= What you will do =
There should be no pictures in your answer, only an exact copy of the lines from the one with "Il tavolo dei relatori all’assemblea di Cna Balneari Il" through the end of the material.

= Available data =
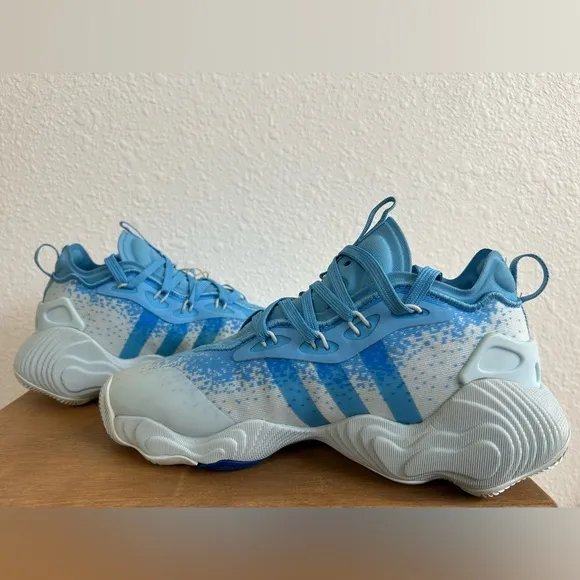 NEW ADIDAS TRAE YOUNG 3 Basketball Sneakers KidsSize 5 1/2 BLUE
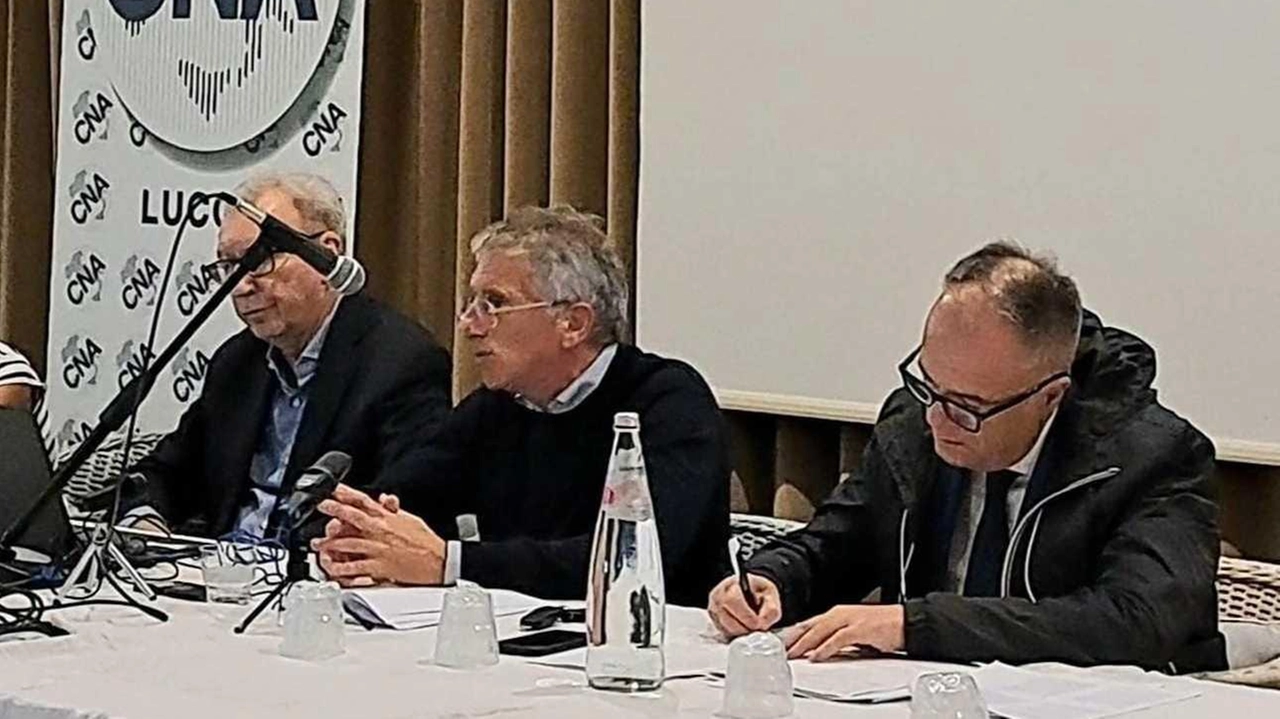 Il tavolo dei relatori all’assemblea di Cna Balneari Il tavolo dei relatori all’assemblea di Cna Balneari
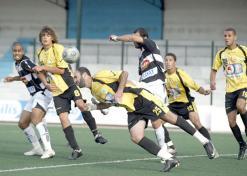 يقر بصعوبة مواجهة سطيف              الشارع الحراشي يريد تأهلا تاريخيا للنهائي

= Response box =
 Il tavolo dei relatori all’assemblea di Cna Balneari Il tavolo dei relatori all’assemblea di Cna Balneari
 يقر بصعوبة مواجهة سطيف              الشارع الحراشي يريد تأهلا تاريخيا للنهائي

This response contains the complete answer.